**Exercise**
The entries below contain pictures. Write out only the lines from the line with "Japanese Dragon Large" up to and including the line with "Love is the", exactly, without them.

**Data to process**
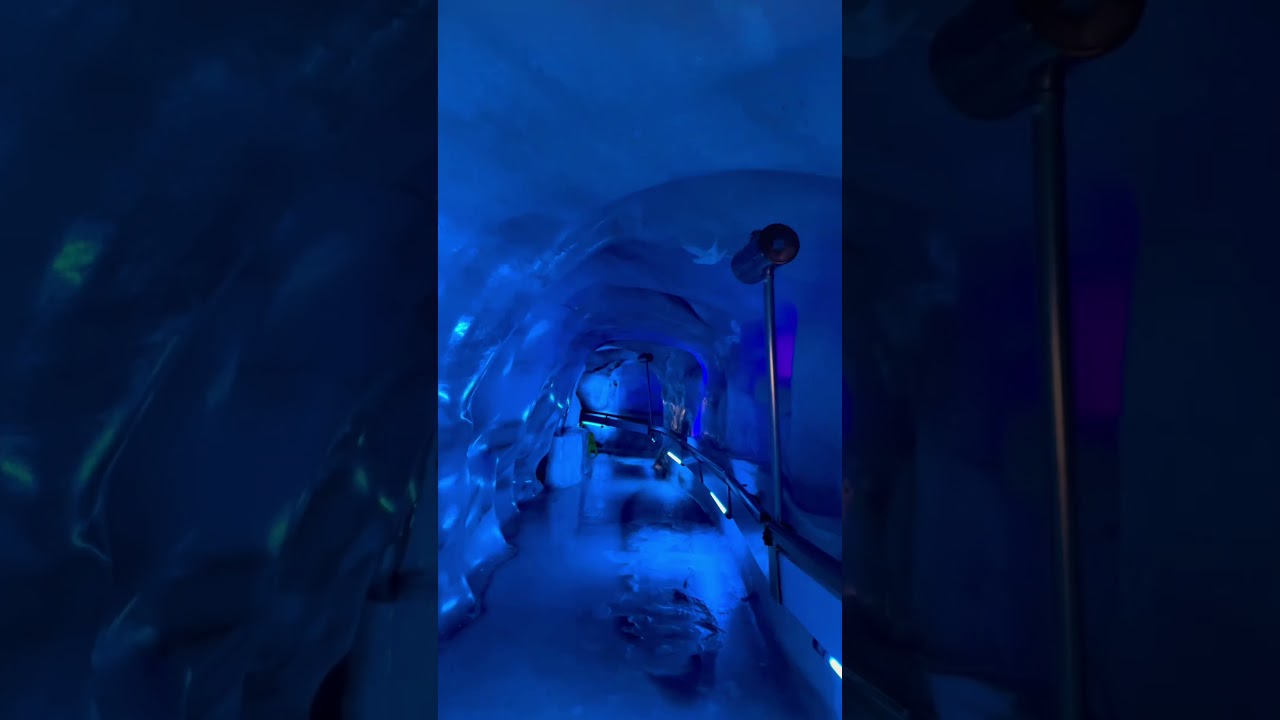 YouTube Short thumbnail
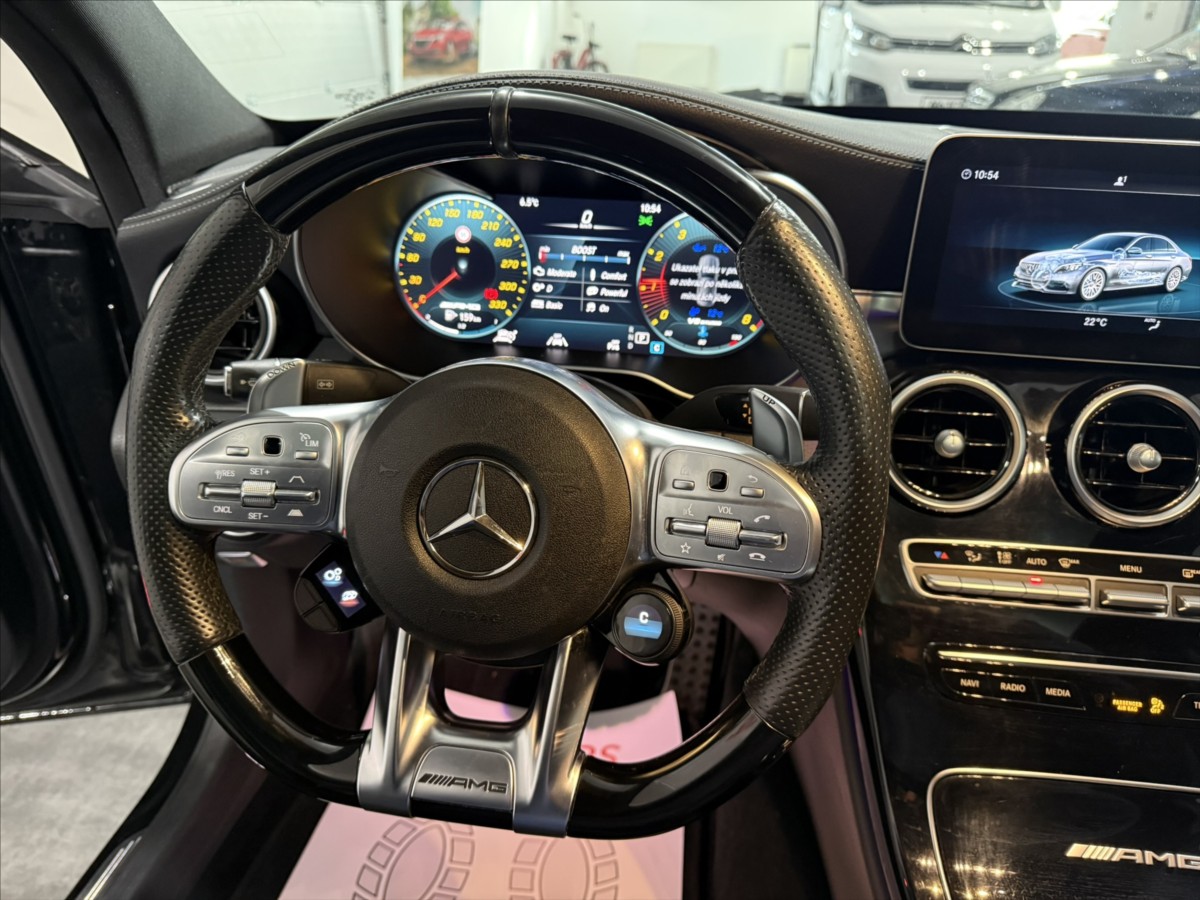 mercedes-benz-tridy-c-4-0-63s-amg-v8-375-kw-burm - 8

...

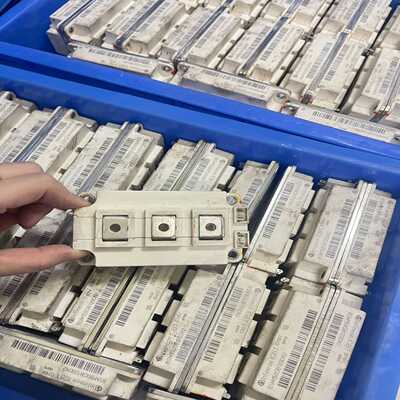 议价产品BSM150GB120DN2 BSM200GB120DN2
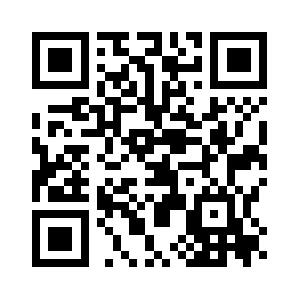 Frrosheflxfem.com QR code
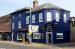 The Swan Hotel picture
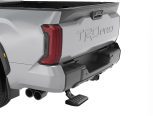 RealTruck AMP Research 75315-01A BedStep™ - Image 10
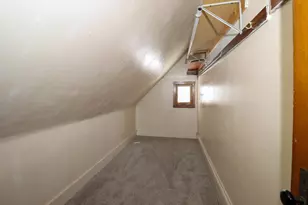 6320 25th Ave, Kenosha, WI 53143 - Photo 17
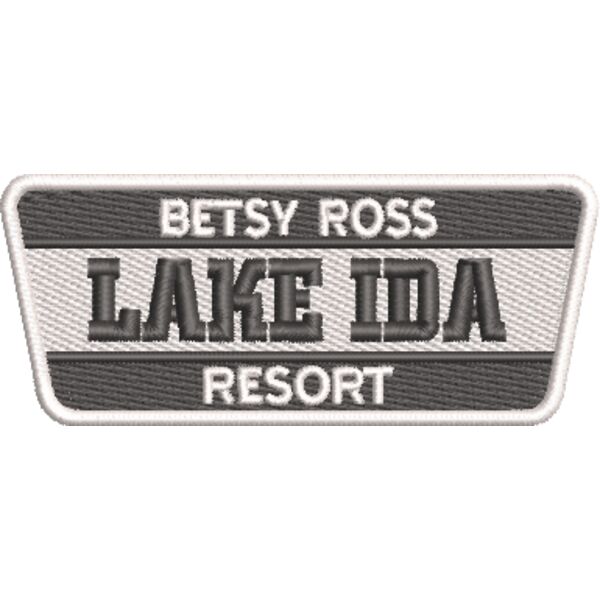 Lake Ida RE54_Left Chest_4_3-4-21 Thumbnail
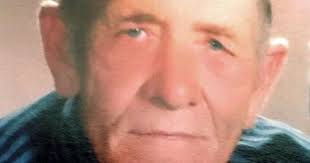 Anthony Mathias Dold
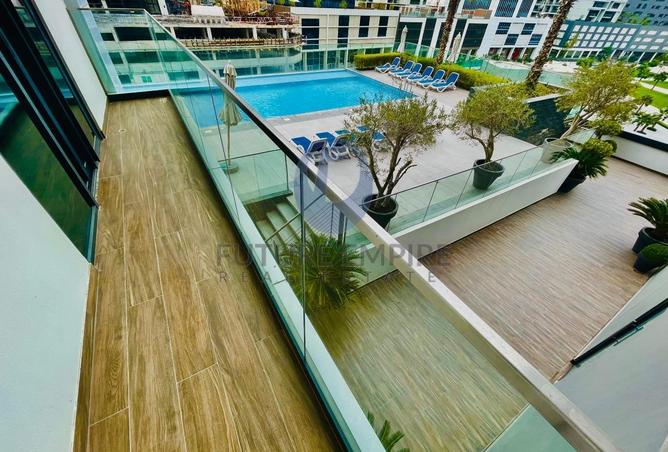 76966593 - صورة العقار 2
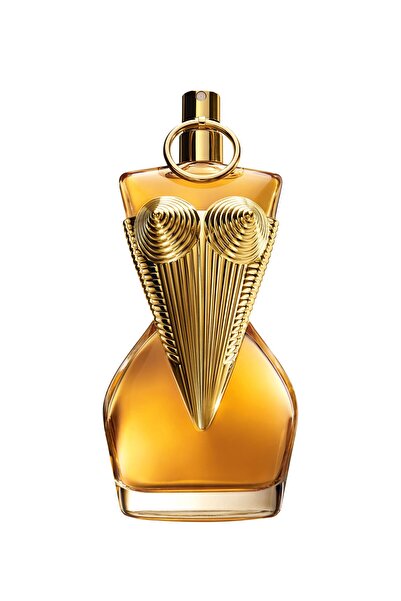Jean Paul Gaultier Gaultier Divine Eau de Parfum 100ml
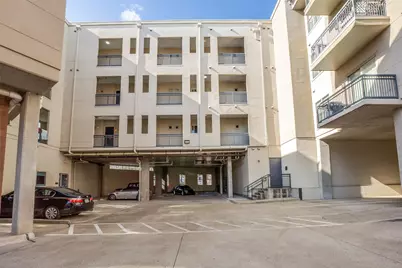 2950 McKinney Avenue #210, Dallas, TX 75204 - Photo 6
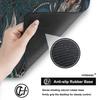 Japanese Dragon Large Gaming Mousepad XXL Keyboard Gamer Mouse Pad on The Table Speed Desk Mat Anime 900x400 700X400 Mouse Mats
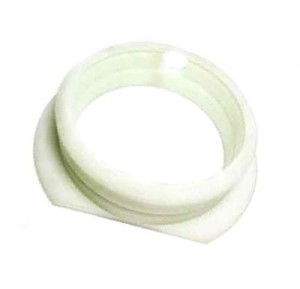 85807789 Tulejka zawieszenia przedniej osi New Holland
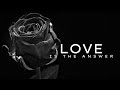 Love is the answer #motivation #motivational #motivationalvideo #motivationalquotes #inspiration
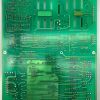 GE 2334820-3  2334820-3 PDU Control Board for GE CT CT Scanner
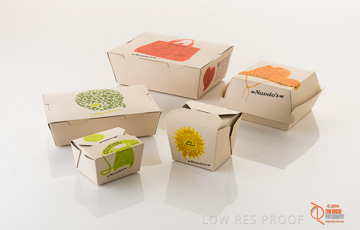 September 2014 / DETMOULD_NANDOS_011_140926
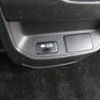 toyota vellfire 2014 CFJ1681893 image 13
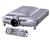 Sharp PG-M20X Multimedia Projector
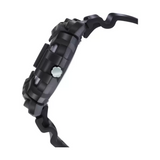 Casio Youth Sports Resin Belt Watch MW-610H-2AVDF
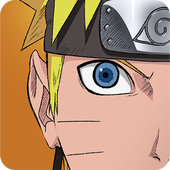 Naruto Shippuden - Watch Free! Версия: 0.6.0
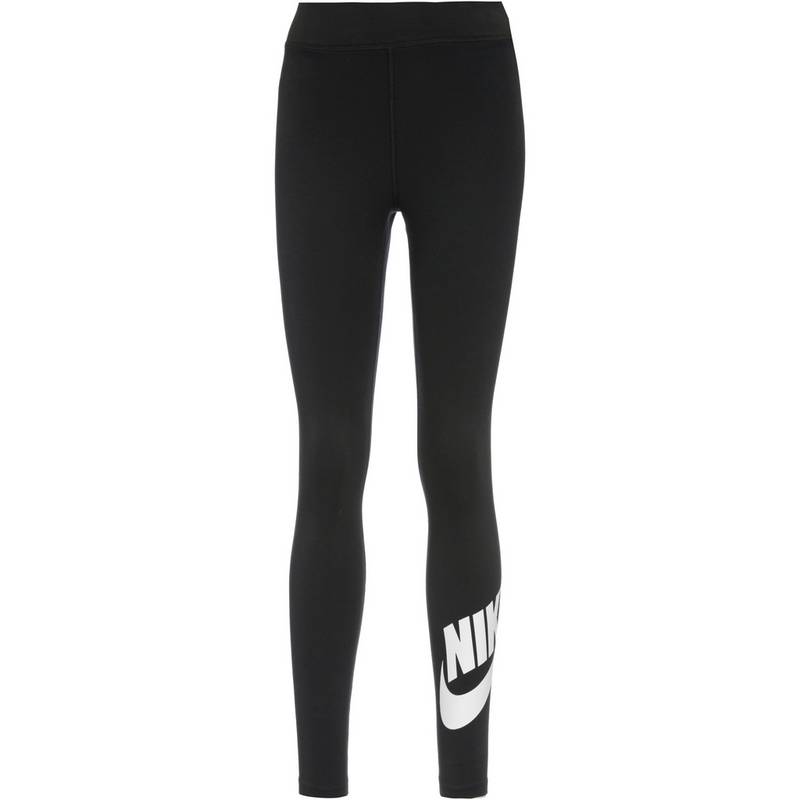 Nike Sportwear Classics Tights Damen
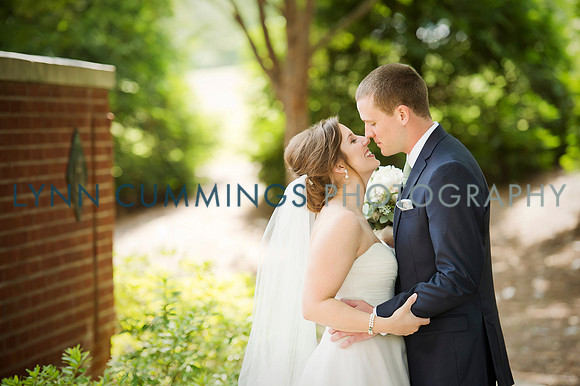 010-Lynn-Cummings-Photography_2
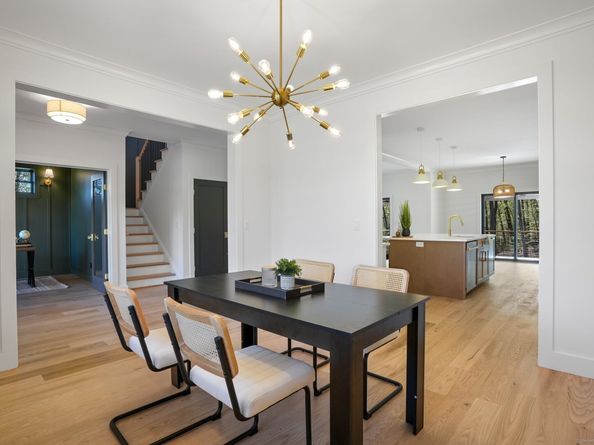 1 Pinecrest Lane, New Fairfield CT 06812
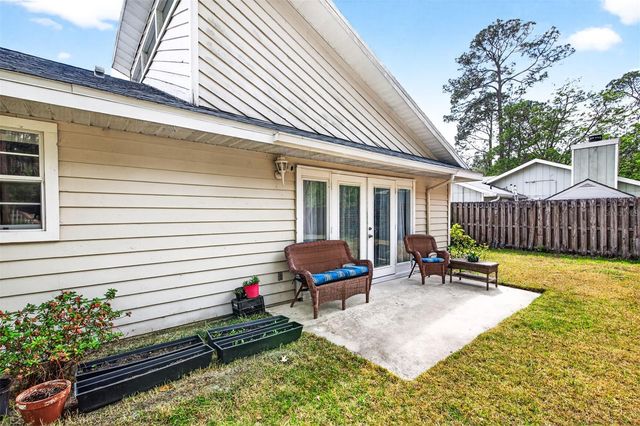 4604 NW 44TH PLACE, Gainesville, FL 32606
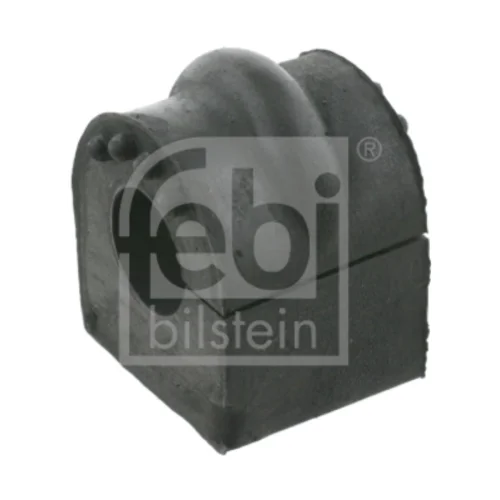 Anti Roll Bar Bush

**Task output**
 Japanese Dragon Large Gaming Mousepad XXL Keyboard Gamer Mouse Pad on The Table Speed Desk Mat Anime 900x400 700X400 Mouse Mats
 85807789 Tulejka zawieszenia przedniej osi New Holland
 Love is the answer #motivation #motivational #motivationalvideo #motivationalquotes #inspiration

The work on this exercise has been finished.